# Given material
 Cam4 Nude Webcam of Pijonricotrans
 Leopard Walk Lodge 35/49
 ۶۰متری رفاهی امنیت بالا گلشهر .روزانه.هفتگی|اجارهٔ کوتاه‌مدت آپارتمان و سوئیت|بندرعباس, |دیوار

# About this task
Down to the final line, write out all of the material exactly.

# Task result
 Cam4 Nude Webcam of Pijonricotrans
 Leopard Walk Lodge 35/49
 ۶۰متری رفاهی امنیت بالا گلشهر .روزانه.هفتگی|اجارهٔ کوتاه‌مدت آپارتمان و سوئیت|بندرعباس, |دیوار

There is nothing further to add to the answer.